-- Required work --
Write every line of the material again exactly, with no pictures in the copy.

-- Raw data --
-- Opening Marker --
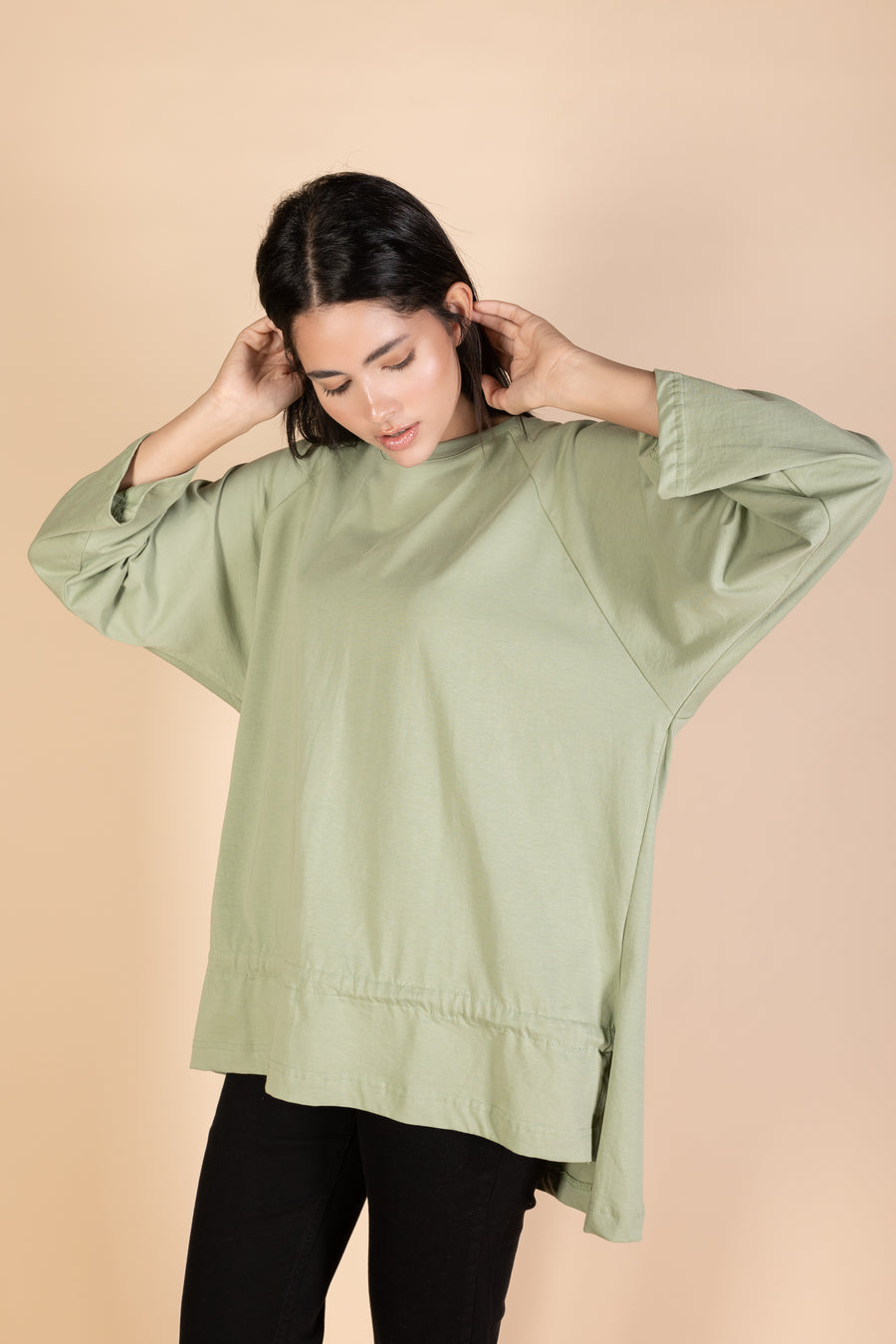 Oversized Drawstring T-shirt - Mint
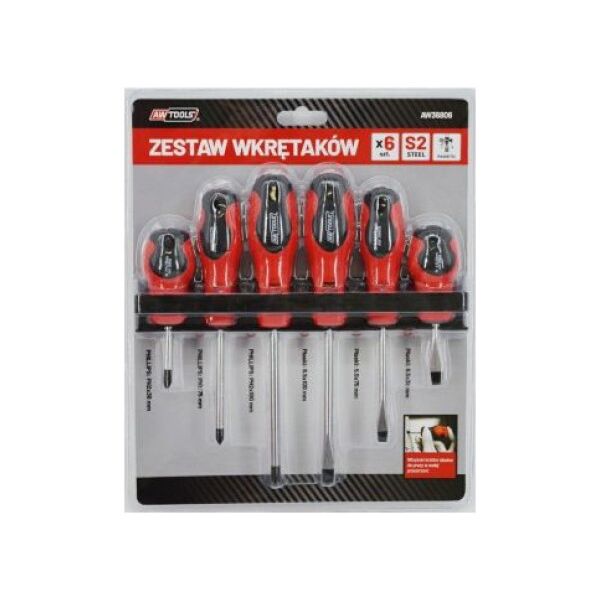 AWTools Zestaw wkrętaków na wieszaku S2 6szt. (AW36806) 5772646 5903041034094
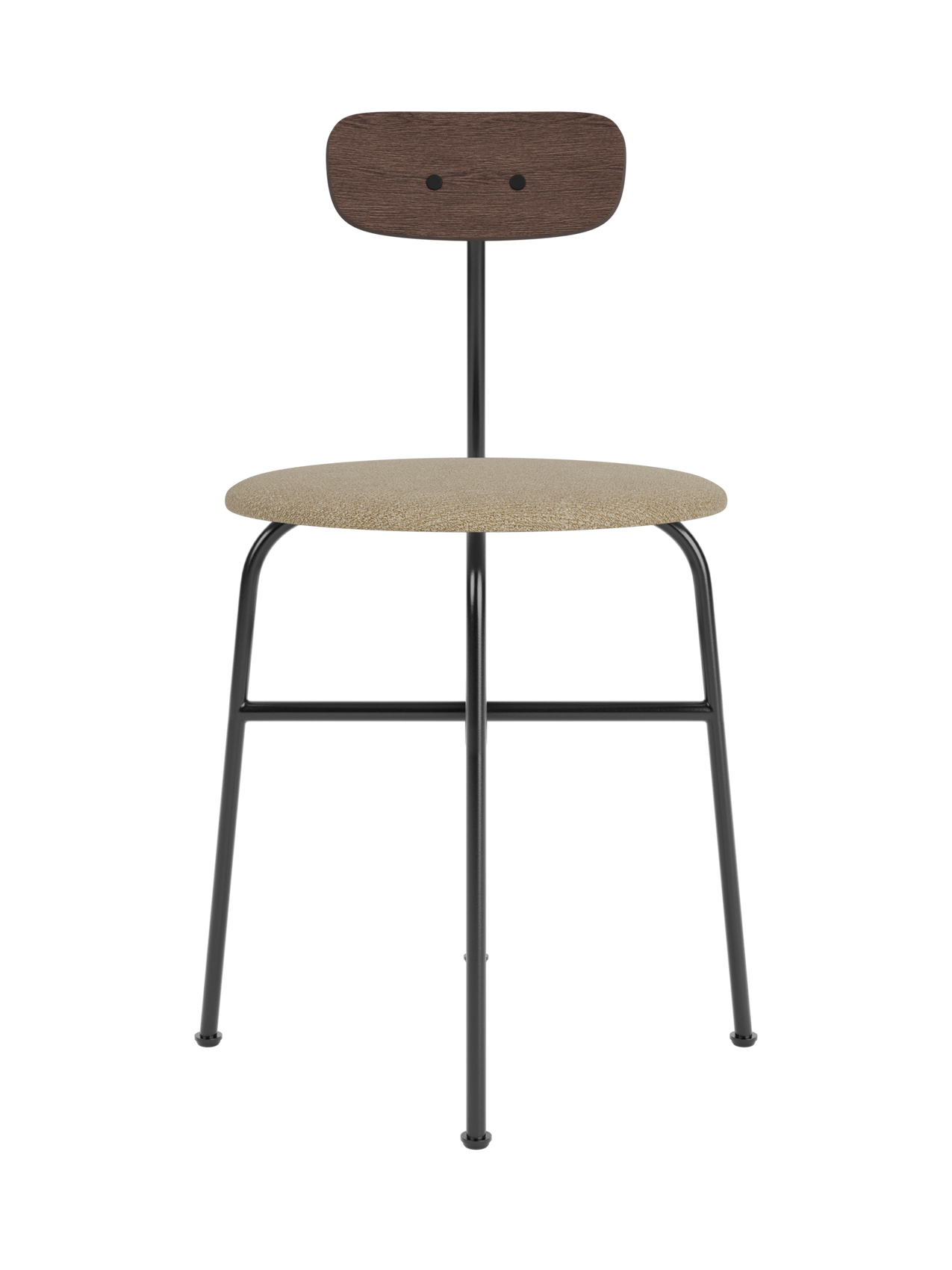 Front view of the Afteroom Dining Chair, Seat Upholstered, dark stained oak backrest, light bouclé seat and black frame.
-- Closing Marker --
-- Solution to this exercise --
 Oversized Drawstring T-shirt - Mint
 AWTools Zestaw wkrętaków na wieszaku S2 6szt. (AW36806) 5772646 5903041034094
 Front view of the Afteroom Dining Chair, Seat Upholstered, dark stained oak backrest, light bouclé seat and black frame.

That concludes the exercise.